Figure 21 Workflow for X-ray crystallography. From Wikipedia.
Nuclear magnetic resonance spectroscopy
Nuclear magnetic resonance (NMR) spectroscopy is the second most common method of structure determination, providing ~14% of all entries in the PDB. It utilises the fact that some atomic nuclei are magnetically active and can emit radiofrequency signals when placed in a strong external magnetic field (on the order of 10-20 Tesla, which is almost a million times stronger than the Earth's magnetic field on the surface). Typical data collection may take 2-3 weeks for a small soluble protein, but can be substantially longer for larger systems.
The measurements in NMR spectroscopy are a number of different complex spectra that report, among other things, on the chemical environment for the magnetically active nuclei (most commonly 1H, 13C and 15N), on chemical bond connections between nuclei and on short distances between specific atoms. These short distances constitute constraints for molecular dynamics (MD) simulation software, which attempts to satisfy as many of them as possible. The outcome of MD simulation is an ensemble of structures (usually 10-20) which, when combined, best satisfy the experimental data. The whole ensemble is deposited in the PDB.
On Line Database of Ensemble Representatives And DOmains (OLDERADO) provides analysis of clustering and domain composition for NMR structure ensembles. Vivaldi provides visualisation and validation display for NMR ensembles.
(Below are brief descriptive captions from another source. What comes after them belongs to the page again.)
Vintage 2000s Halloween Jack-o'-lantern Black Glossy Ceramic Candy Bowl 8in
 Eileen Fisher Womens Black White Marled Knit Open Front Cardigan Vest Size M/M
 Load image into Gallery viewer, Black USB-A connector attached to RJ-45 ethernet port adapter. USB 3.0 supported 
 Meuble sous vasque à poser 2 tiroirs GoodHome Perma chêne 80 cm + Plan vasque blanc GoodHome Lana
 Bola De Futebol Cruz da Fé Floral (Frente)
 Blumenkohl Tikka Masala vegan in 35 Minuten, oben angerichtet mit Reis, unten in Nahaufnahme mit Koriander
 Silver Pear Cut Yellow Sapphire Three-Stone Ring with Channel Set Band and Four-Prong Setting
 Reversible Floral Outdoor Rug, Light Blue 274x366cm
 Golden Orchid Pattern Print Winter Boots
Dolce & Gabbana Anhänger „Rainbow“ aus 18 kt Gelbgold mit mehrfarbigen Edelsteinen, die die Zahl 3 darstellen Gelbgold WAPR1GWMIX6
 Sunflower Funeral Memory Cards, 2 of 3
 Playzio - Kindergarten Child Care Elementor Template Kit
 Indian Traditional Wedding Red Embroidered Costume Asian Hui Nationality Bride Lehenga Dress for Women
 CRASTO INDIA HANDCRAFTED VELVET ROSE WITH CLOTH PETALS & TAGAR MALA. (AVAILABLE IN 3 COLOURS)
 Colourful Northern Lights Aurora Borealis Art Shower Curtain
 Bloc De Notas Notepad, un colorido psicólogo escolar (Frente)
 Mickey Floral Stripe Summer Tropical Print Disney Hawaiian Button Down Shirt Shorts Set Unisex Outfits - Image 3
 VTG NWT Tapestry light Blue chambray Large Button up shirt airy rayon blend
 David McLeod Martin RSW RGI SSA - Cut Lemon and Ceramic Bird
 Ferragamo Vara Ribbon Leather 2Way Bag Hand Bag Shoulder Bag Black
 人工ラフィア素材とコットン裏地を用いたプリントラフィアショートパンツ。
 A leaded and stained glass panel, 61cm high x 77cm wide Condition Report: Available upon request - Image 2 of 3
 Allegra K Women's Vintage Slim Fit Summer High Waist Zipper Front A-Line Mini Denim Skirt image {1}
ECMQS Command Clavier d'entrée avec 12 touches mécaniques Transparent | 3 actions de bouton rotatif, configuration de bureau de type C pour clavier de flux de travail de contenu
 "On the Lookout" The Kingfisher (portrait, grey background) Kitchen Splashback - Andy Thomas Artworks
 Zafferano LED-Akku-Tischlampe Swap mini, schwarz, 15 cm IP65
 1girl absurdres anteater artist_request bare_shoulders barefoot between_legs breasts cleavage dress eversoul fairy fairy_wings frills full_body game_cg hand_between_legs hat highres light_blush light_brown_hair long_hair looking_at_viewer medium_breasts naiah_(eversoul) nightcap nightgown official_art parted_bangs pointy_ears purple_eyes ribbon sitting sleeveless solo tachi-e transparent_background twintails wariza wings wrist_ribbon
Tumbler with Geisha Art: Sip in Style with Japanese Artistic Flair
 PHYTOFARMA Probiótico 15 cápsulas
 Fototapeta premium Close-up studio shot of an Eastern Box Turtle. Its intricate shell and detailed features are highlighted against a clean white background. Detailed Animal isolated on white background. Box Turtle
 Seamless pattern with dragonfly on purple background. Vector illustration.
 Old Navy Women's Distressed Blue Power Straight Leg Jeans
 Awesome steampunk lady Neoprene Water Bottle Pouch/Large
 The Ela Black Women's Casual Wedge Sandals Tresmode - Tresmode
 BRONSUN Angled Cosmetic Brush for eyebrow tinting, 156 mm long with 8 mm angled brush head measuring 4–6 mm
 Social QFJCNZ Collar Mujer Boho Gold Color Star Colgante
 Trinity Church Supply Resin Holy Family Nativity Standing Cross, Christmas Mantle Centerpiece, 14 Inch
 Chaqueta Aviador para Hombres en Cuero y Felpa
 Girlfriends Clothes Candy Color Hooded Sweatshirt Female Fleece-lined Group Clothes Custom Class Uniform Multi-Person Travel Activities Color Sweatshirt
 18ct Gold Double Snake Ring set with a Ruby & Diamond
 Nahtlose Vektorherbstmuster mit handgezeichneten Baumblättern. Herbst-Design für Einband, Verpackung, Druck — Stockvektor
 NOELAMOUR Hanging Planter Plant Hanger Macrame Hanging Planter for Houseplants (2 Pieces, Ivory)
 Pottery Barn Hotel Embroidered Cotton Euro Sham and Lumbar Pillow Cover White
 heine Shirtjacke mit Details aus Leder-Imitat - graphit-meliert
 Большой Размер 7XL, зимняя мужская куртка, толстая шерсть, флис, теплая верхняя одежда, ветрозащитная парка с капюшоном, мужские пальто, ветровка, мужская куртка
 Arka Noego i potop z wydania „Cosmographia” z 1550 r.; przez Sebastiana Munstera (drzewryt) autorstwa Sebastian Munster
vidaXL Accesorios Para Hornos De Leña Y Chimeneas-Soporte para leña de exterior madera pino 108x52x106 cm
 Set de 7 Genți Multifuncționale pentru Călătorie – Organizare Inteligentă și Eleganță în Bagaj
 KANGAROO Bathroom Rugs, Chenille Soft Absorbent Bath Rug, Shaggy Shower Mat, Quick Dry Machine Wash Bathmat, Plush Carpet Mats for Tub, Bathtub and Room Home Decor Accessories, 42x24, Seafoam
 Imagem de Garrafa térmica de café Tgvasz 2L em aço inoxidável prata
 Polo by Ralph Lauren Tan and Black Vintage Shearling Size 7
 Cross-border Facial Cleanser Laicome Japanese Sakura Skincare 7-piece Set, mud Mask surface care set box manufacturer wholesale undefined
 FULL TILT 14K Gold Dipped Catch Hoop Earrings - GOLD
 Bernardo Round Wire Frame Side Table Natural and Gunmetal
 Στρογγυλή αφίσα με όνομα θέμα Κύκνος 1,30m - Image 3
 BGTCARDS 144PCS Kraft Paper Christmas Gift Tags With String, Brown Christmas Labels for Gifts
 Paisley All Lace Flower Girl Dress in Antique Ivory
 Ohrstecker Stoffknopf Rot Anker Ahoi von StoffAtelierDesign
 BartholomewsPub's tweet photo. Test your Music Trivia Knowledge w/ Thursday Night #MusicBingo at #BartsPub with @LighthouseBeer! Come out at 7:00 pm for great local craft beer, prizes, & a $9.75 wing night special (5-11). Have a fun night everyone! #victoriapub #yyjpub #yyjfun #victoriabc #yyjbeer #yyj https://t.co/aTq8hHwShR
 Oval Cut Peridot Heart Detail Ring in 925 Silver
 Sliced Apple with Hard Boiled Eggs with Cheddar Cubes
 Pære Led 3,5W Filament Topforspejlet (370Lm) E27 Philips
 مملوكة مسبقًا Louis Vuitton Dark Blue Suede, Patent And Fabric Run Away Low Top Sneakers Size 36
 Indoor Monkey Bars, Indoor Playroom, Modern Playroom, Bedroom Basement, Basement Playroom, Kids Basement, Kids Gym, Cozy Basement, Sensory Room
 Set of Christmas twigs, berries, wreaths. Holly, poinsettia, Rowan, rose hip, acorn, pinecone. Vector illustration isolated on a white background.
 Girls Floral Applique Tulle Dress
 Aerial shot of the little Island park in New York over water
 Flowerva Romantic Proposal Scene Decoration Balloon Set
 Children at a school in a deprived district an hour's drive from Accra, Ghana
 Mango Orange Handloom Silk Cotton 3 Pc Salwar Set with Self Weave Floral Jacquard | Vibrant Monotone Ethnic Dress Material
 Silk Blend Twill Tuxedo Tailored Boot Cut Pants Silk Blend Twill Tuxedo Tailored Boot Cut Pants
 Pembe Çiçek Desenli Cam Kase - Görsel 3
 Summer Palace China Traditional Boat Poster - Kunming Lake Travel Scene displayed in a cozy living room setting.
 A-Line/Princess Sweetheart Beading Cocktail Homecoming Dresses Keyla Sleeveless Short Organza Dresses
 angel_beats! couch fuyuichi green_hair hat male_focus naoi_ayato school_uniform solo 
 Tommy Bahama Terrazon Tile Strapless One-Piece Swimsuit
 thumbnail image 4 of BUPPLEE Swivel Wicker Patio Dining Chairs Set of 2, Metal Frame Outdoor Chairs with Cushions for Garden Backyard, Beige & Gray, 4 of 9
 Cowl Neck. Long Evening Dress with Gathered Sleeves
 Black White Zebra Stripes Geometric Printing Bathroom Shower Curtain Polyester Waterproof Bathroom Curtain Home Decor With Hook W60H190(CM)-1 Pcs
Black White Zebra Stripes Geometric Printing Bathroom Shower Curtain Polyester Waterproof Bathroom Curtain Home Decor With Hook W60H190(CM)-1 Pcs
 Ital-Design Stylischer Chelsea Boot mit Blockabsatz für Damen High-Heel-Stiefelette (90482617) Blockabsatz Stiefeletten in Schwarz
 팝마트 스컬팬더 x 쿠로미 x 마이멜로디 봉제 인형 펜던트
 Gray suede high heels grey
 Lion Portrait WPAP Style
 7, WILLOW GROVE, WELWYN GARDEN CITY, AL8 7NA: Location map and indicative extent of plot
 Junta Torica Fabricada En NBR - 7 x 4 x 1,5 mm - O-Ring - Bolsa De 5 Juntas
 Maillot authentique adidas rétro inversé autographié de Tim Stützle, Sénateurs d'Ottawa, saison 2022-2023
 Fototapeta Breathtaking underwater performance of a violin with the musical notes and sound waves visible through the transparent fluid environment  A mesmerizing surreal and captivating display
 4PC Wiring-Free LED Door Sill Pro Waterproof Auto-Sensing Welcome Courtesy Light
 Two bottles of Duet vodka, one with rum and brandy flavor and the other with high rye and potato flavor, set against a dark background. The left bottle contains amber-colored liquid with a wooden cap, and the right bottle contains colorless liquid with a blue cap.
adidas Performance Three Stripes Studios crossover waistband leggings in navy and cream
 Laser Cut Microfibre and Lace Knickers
Electron microscopy uses beams of electrons to form images of macromolecules and complexes. Electron microscopy can reveal smaller details than light microscopes owing to the wave length differences between electrons and photons. However, the resolution is lower than that of X-ray crystallography or NMR spectroscopy. Images of macromolecules can be obtained in artificially-stained states or frozen in glassy 'vitreous' ice layers (Figure 23). Images from a large number of orientations of a macromolecule can be combined computationally to give a 3D reconstruction of the electron density. The reconstructed 3D density map is deposited in the Electron Microscopy Data Bank (EMDB). In many cases a higher resolution X-ray or NMR structure can be positioned in this electron density volume to allow its interpretation. It is these positioned 'fitted' structures that are then made available in the PDB.